Kids fighting aside, the biggest pain the in rear has to be trying to potty train Emma. She is going to be 4 at the end of August and really could care less about the fact that she still wears a pull-up. I cannot send her back to school this fall if she isn't trained. I feel like such a loser mom, with an almost 4 year old who still isn't trained!! Shit, Zoe just turned 2 and is already sitting on the potty and has even peed twice!! She will be totally trained before Emma. I think Emma will be the only one still in high school who wears a pull-up. Ugh!!! It's so frustrating because she just does not care. I know that I am going to have to do the cold turkey method and just tell her we ran out of pull-ups so you'll just have to wear panties and if you pee or poop in them too damn bad. I have tried so many things with her...candy bribery, money bribery, threats, you name it. We even tried going naked for a day but she pooped on the carpet and pissed me off. Does anyone have ANY advice? I swear, I am going insane.

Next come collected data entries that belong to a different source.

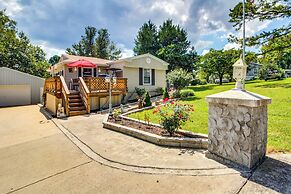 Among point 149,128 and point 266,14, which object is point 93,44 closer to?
point 266,14

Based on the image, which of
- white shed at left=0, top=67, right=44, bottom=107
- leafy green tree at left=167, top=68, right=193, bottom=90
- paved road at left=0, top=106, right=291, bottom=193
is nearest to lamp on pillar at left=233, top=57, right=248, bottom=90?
paved road at left=0, top=106, right=291, bottom=193

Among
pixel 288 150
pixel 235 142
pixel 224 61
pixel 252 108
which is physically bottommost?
pixel 288 150

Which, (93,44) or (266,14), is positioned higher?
(93,44)

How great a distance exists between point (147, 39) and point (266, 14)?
20.7 meters

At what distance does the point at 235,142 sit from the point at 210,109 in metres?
0.87

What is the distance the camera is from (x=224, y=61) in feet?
89.2

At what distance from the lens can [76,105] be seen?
35.6ft

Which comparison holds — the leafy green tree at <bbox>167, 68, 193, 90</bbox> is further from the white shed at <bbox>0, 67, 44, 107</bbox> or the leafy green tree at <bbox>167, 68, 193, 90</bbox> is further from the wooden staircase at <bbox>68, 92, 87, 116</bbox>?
the white shed at <bbox>0, 67, 44, 107</bbox>

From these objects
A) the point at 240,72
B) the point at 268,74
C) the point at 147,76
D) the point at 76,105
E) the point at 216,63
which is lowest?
the point at 76,105

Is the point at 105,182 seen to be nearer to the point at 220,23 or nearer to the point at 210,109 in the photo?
the point at 210,109

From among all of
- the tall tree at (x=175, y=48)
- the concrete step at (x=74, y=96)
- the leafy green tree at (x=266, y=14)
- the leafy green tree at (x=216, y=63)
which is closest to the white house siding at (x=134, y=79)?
the concrete step at (x=74, y=96)

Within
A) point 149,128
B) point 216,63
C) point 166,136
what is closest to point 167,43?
point 216,63

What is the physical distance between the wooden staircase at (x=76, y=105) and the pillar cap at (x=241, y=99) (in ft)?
28.0

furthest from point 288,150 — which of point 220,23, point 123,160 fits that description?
point 220,23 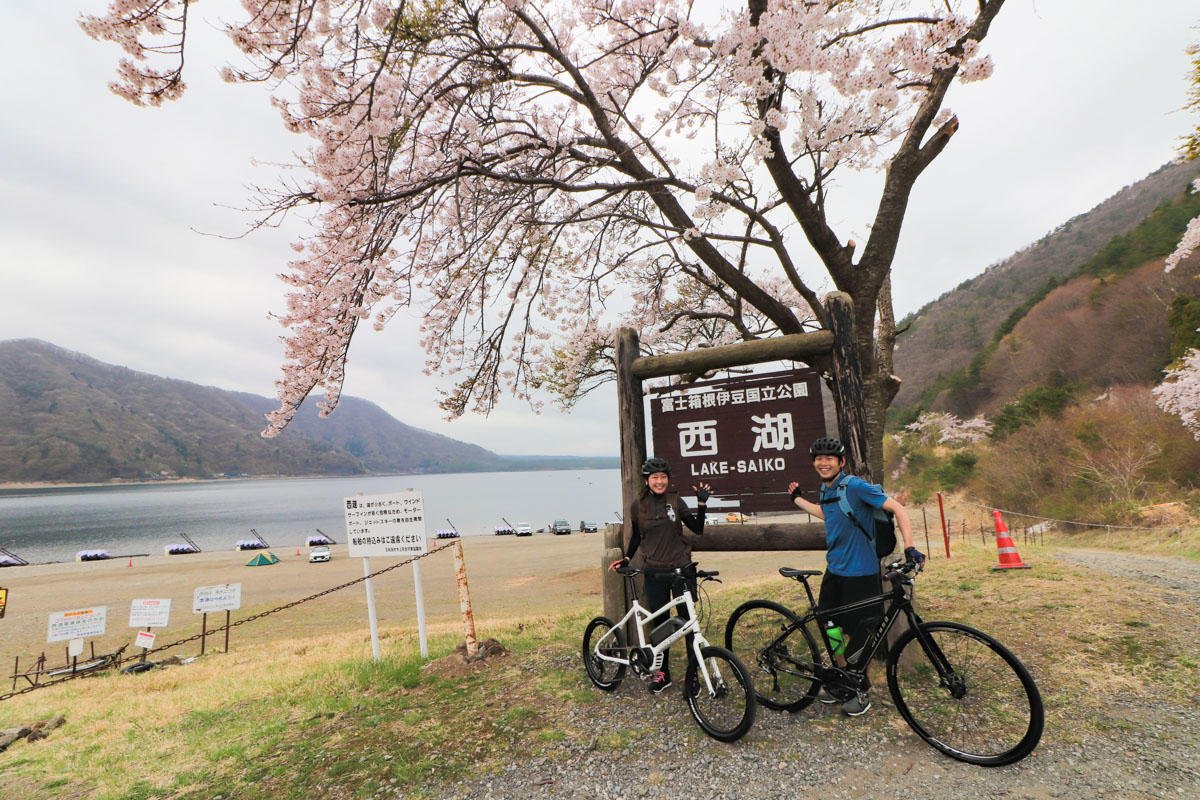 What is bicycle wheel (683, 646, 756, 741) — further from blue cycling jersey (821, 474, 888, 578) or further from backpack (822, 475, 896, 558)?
backpack (822, 475, 896, 558)

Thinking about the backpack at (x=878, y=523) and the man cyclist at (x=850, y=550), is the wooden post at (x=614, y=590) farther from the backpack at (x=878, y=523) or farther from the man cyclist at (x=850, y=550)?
the backpack at (x=878, y=523)

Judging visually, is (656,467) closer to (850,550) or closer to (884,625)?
(850,550)

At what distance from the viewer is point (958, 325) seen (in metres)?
67.6

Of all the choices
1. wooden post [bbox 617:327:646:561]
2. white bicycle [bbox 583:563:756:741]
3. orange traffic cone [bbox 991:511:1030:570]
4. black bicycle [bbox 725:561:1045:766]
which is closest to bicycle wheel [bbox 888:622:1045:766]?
black bicycle [bbox 725:561:1045:766]

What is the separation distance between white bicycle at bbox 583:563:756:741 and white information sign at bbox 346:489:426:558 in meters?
2.63

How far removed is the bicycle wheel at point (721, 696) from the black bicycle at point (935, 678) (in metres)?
0.28

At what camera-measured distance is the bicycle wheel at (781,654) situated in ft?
13.4

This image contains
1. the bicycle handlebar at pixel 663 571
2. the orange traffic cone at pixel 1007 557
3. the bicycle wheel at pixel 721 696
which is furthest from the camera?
the orange traffic cone at pixel 1007 557

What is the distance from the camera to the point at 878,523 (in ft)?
13.1

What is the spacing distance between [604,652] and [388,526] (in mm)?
3272

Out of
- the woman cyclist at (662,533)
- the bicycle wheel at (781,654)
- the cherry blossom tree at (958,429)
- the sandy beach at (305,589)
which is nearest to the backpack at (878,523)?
the bicycle wheel at (781,654)

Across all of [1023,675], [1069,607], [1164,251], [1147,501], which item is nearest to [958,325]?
[1164,251]

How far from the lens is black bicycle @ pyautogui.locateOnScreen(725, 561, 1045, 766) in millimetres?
3275

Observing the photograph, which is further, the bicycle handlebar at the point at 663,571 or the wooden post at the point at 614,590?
the wooden post at the point at 614,590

Phil bought us bikes and we went for a nice ride last night, maybe 2 miles? Phil gets to pull the trailer behind him, I am not coordinated enough for that. My hope is to lose another 30 pounds by April. I'm planning a big high school reunion in Las Vegas. It'll be my 20 year reunion but I'm organizing it for all alum. The last reunion I attended was in 2002 and I saw some pictures of myself at one of the events and I was really fat. It totally depressed me. My goal is to be another 30 pounds lighter by then and feeling a lot better about myself. I guess I shouldn't be sitting here on my ass blogging, huh? I should outside walking or biking. After I put Emma and Zoe to bed tonight Taylor and I will ride around the neighborhood.

We went to Cedar Point last weekend. It was a lot of fun. A couple friends met us there so Phil went off to ride the coasters with them while I took the girls to all the kiddy rides. Lots of carousel riding. Taylor actually had pneumonia several days before and was still on meds when we went there. Poor thing! And because she's mildly asthmatic she will always be a little more vunerable to respiratory bugs. But she was feeling pretty good while we were there because she went on one of the bigger coasters with Phil. I was a little worried because she had only ever been on the kiddy ones and this was a big step for her. She loved it and wants to go back! I'm so proud!!! Zoe and Emma had a blast riding on the obnoxious planes and cars that made lots of noise. I have a picture of Emma riding with her hands over her ears while Zoe pushes all the buttons. Hopefully we'll get back down there before summer ends.

Ok, that's about all I have to say today. A lot more than usual...!!